━━ Data section
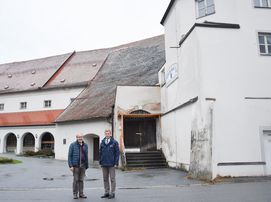 Bürgermeister Albin Dietrich (l.) zeigte Bezirkstagspräsident Dr. Olaf Heinrich (r.) den Fassboden in Niederalteich. 
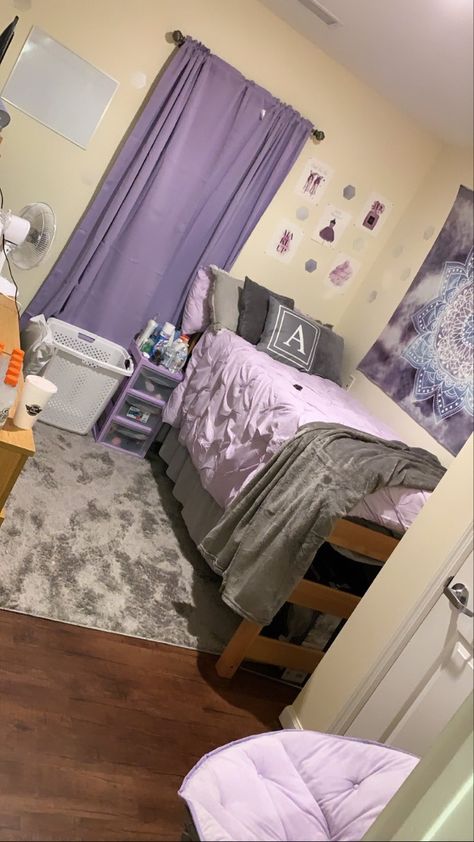 Dorm Esthetics, Purple Dorm Decor, College Dorm Room Ideas Purple, Purple College Dorm, Dorm Room Ideas Purple, Dorm Room Purple, Dorm Rooms Decorating, Purple Dorm Room Ideas, Purple Dorm Room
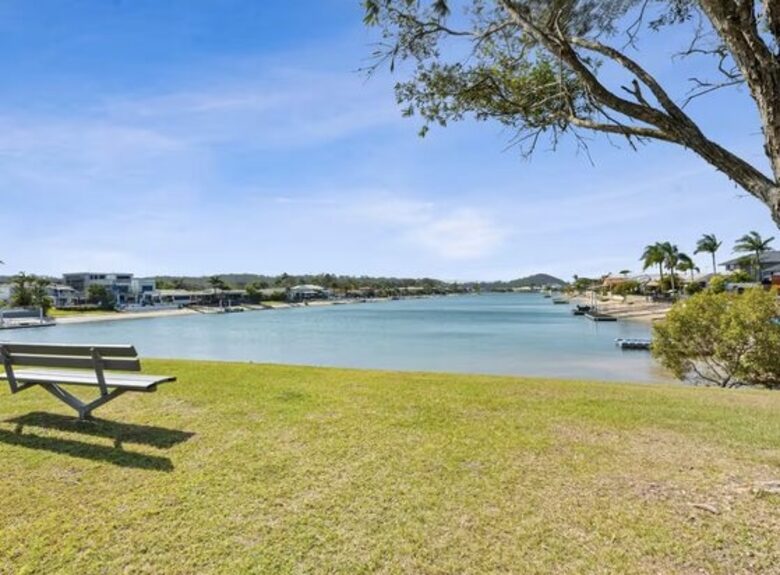 Modern Gold Coast Getaway | Alfresco Living near Tallebudgera Creek - Gold Coast, Australia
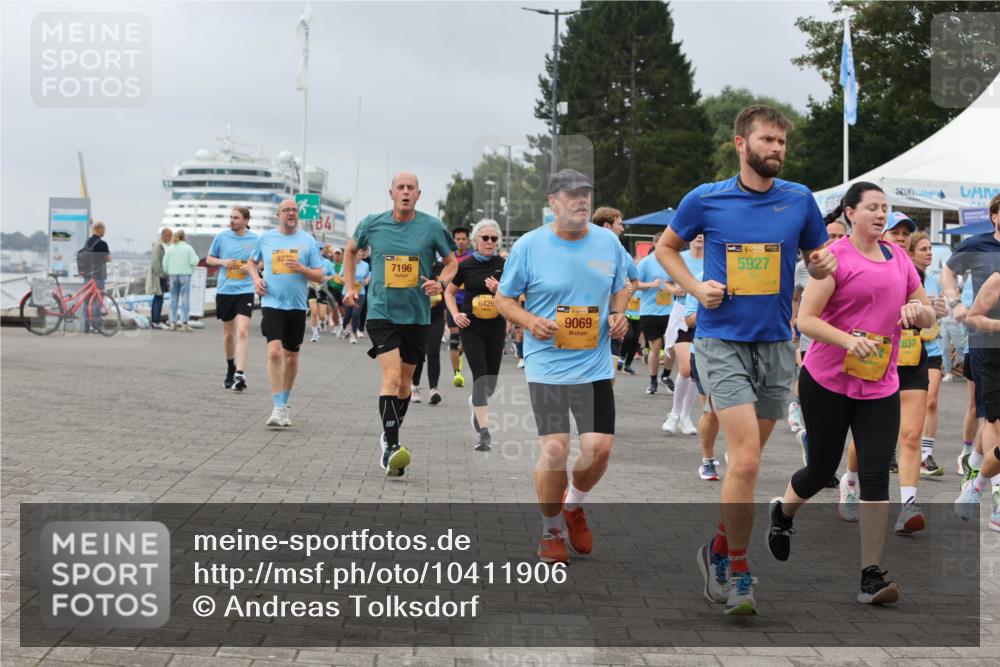 13.09.2026 - Kiel Lauf Andreas Tolksdorf http://msf.ph/oto/10411906 13.09.2026 10:02:19 Kiellinie 927, 4, 7196, 6426, 38, 9069, 38, 5927, 2637 meine-sportfotos.de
━━━━
All the lines above should be reproduced exactly, and none of the pictures.

■ Answer below
 Bürgermeister Albin Dietrich (l.) zeigte Bezirkstagspräsident Dr. Olaf Heinrich (r.) den Fassboden in Niederalteich. 
 Dorm Esthetics, Purple Dorm Decor, College Dorm Room Ideas Purple, Purple College Dorm, Dorm Room Ideas Purple, Dorm Room Purple, Dorm Rooms Decorating, Purple Dorm Room Ideas, Purple Dorm Room
 Modern Gold Coast Getaway | Alfresco Living near Tallebudgera Creek - Gold Coast, Australia
 13.09.2026 - Kiel Lauf Andreas Tolksdorf http://msf.ph/oto/10411906 13.09.2026 10:02:19 Kiellinie 927, 4, 7196, 6426, 38, 9069, 38, 5927, 2637 meine-sportfotos.de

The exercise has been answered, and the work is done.